[Source records]
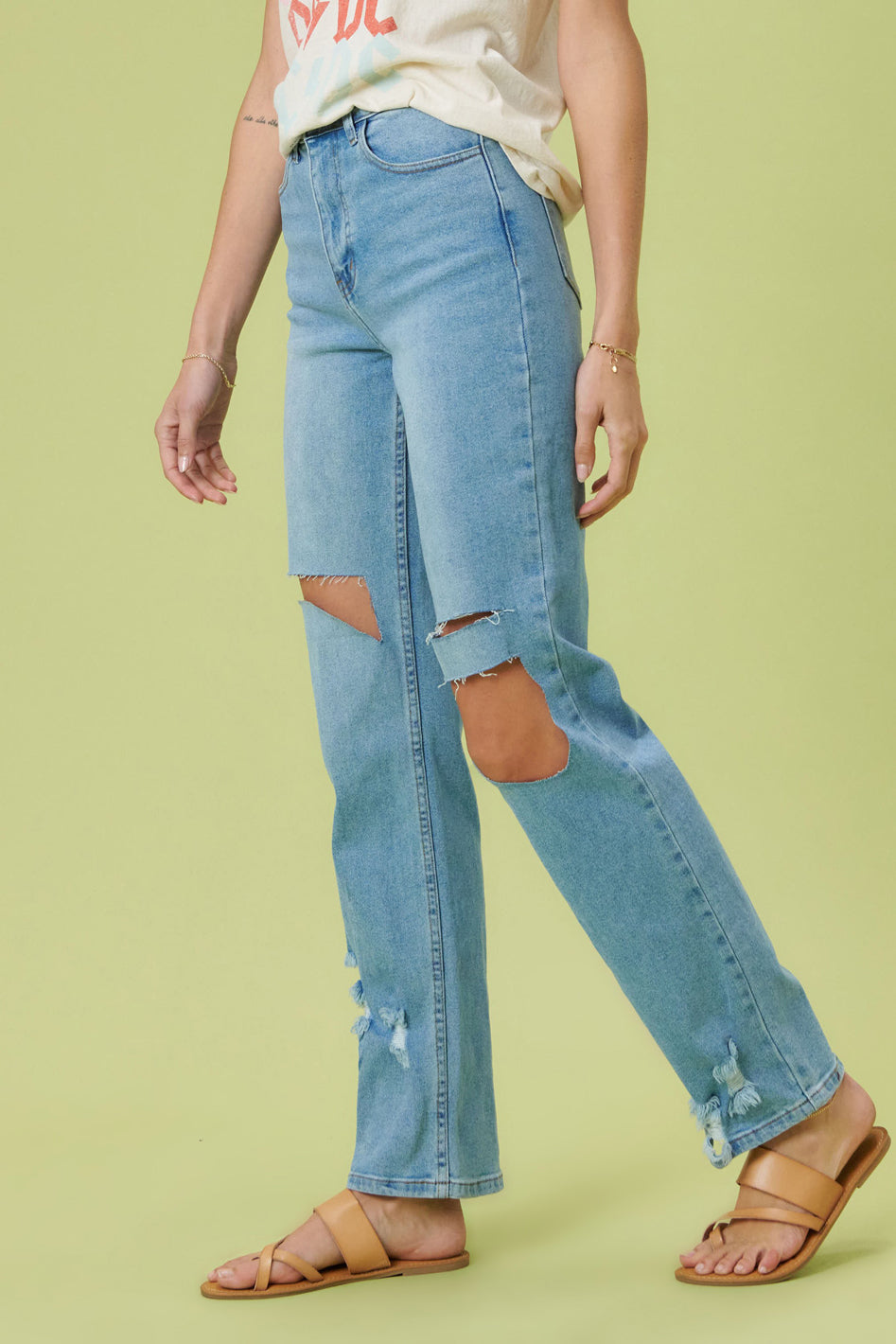 High Rise Distressed Wide Leg Jeans - Azoroh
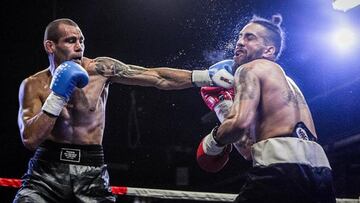 Abner Lloveras lanza su izquierda en su victoria por KO en Barcelona frente a Josué Maranillo en marzo de 2017.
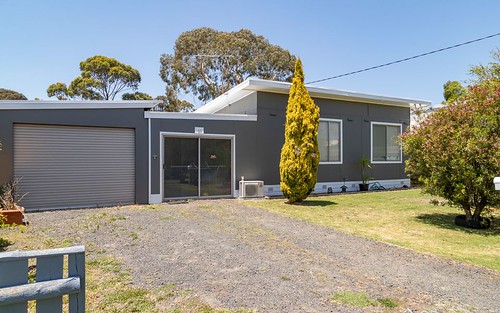 61 Mchaffie Drive, Cowes VIC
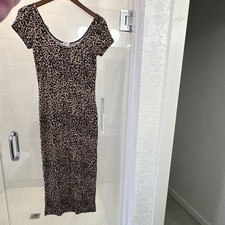 Billabong Beige Black Animal Print Sheath Dress Scoop Neck Short Sleeve Size M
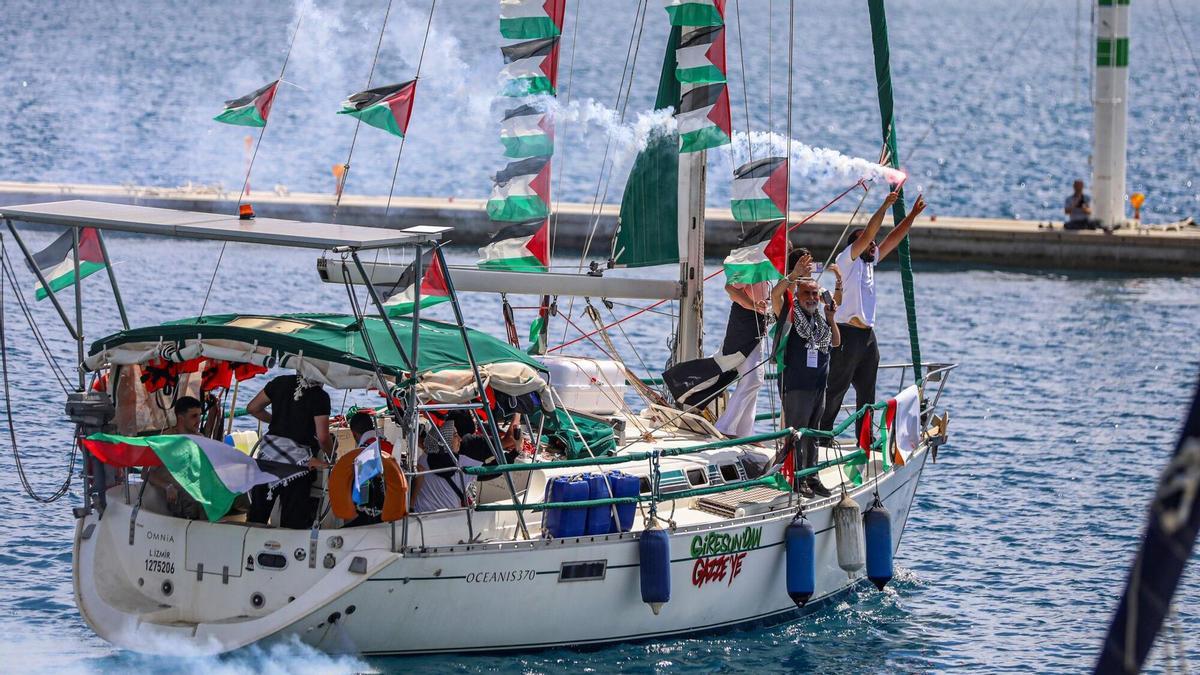 At least 10 vessels from the flotilla continue sailing towards Gaza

# What is needed
Transcribe every line of the data exactly. No pictures go in the copy.

# Response below
 High Rise Distressed Wide Leg Jeans - Azoroh
 Abner Lloveras lanza su izquierda en su victoria por KO en Barcelona frente a Josué Maranillo en marzo de 2017.
 61 Mchaffie Drive, Cowes VIC
 Billabong Beige Black Animal Print Sheath Dress Scoop Neck Short Sleeve Size M
 At least 10 vessels from the flotilla continue sailing towards Gaza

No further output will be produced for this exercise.